Obi-Wan dips his head at my apprentice, a faint light in his eyes that might be gratitude, or relief. _Fierfek._ This really was not the time, nor the place. _I'm sorry, Obi-Wan_… It is not MY place to say truth, although it may be my duty. But - another time, another place…

I _am_ sorry, Master.

"Yes, yes, that might be best. It was a – sobering trip." Obi-Wan closes his eyes and sighs; a hand rubs his chin. Yup, even now, his beard is neat and trim, his tunics brushed clean of the scars of battle.

No, if he bears scars at all, they are inside, hoarded and hidden.

"Anakin." He again rests a hand on my shoulder and peers up into my eyes. I am forgiven, for as large as that hidden hoard of guilt and self-recrimination, his heart is far larger, his compassion boundless and his capacity to forgive far greater than my own. It is humbling. "For what it's worth – I do understand."

Force forgive me, for when he trudges off, the wound of "insufficiency" hurtled at him sinking deep into spirit, bowing his shoulders, I do not move to join him. I cannot.
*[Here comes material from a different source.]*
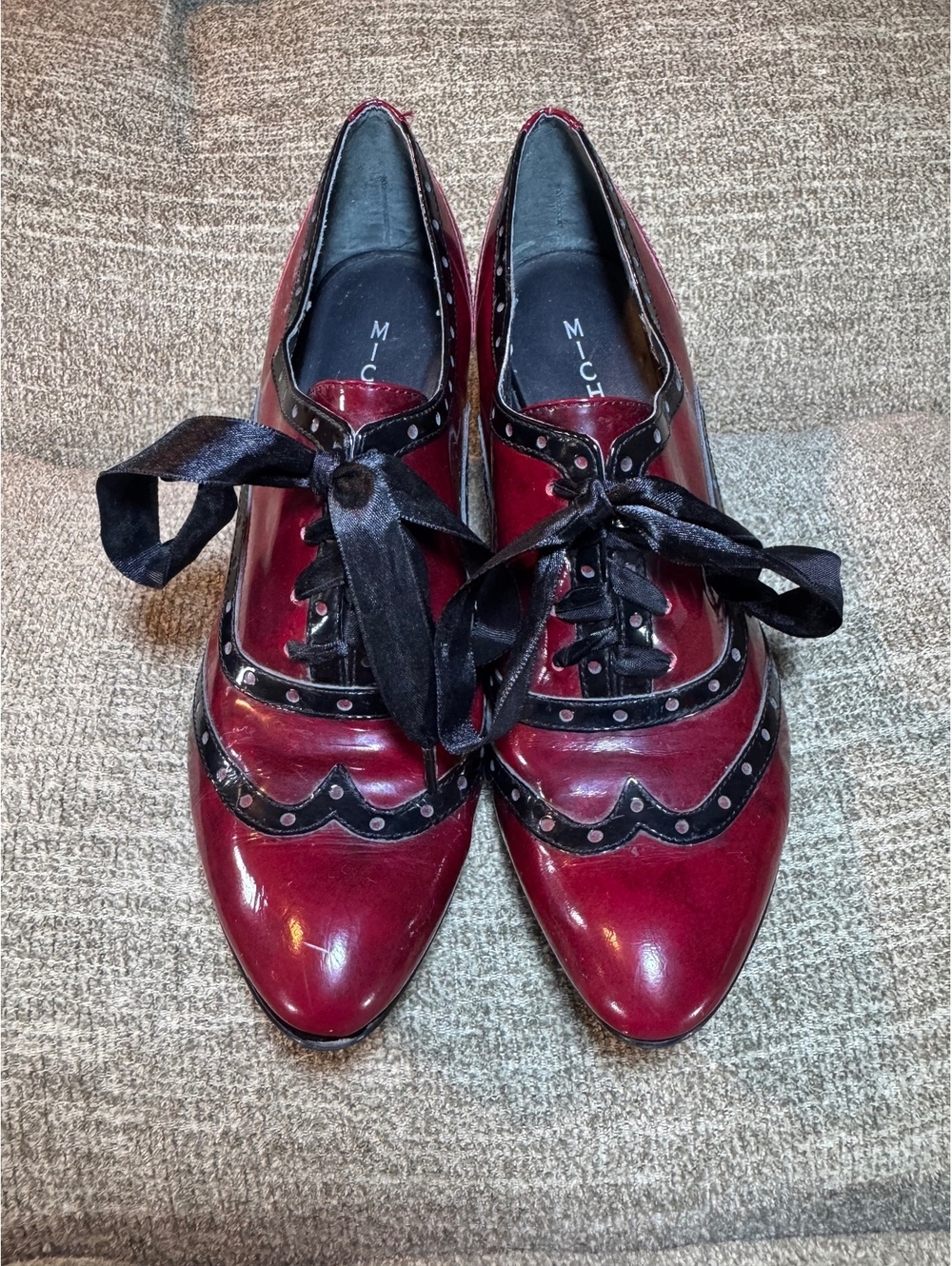 Michael by Michael Shannon Perrin Wine Red Oxford Stiletto Pumps Size 9M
Sometimes, sometimes one sees too much. Beware what one wants, because it may not be what one needs. That glimpse inside has _unsettled_ me. _He_ is unsettled and that cannot be. He is my rock, my anchor. I need him to be strong, to be stoic, to be calm – to be all that I am not, so that in tandem we are a restrained storm of the Force. He is my center, the eye of the storm, the master of Soresu, one and indivisible, whilst I am the battering winds howling in righteous fury shrieking fury and defiance, a tamed threat that yearns for and yet fears to be unleashed.

And it is Obi-Wan, not the Force, that leashes the boiling potential and the wrath of the righteous, the fury that could easily sweep aside all those in its path, innocent and guilty alike. He cannot weaken; he cannot break; he cannot bend because he is both chain and life line, resented and appreciated, for if he does – what then shall become of me?
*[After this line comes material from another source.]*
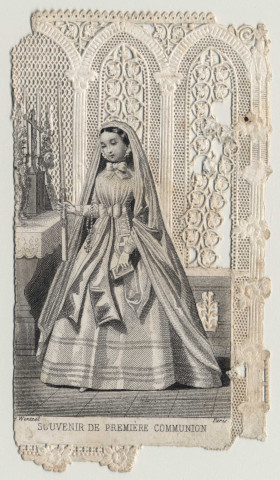 Image pieuse dentelle. Souvenir de Première Communion. Souvenir de Première Communion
And so this day we now walk separate paths now where once we walked side by side.

I might weep, but I cannot. I will not. Not even for all the silences that separate us, for all the words not spoken that might have closed the distance. For what could be and will not be.
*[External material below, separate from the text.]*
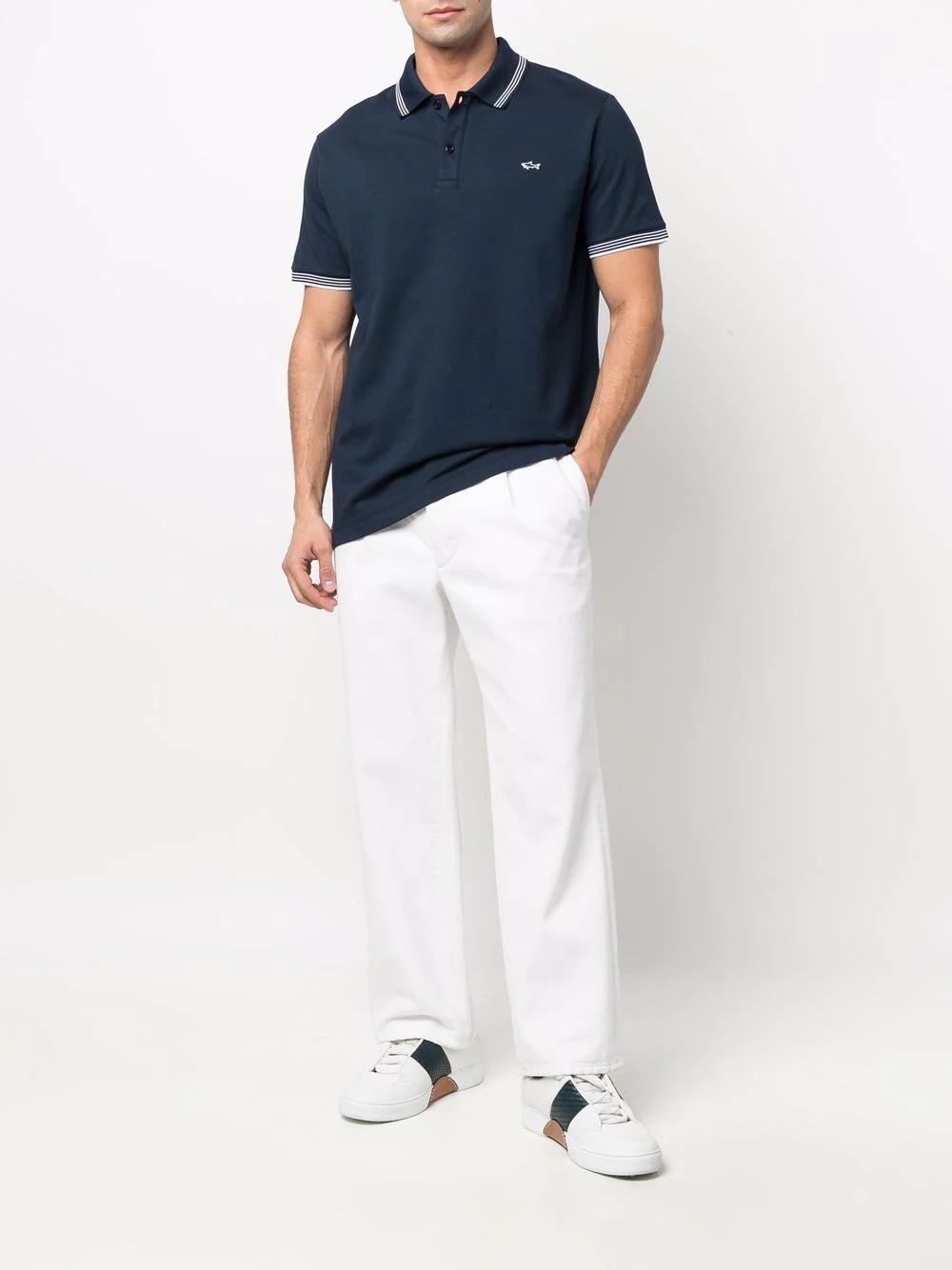 striped-trim polo shirt - 2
For the "Hero Without Fear" is a fraud at heart: I fear that our bond is not strong enough to sustain us. I fear that hidden deeds will flare to life and sever fondness by the sharp blade of duty should we seek and find mutual understanding. I will not stand for judgment by any man; not even him.

Especially him.

"I could have saved her," I murmur, my voice unheard and unheeded, meant only for the Force.

"I know, Master, I know."

It is cool comfort to know the solace an apprentice offers is mine to receive, a gift made with no strings attached. There are too many tugs on the string between Obi-Wan and I now for such gifts.

"Will Master Kenobi be all right?"

I stare after his disappearing form. I hope so. I hope _we_ will be, in time.

I square my shoulders and face away, face my apprentice instead.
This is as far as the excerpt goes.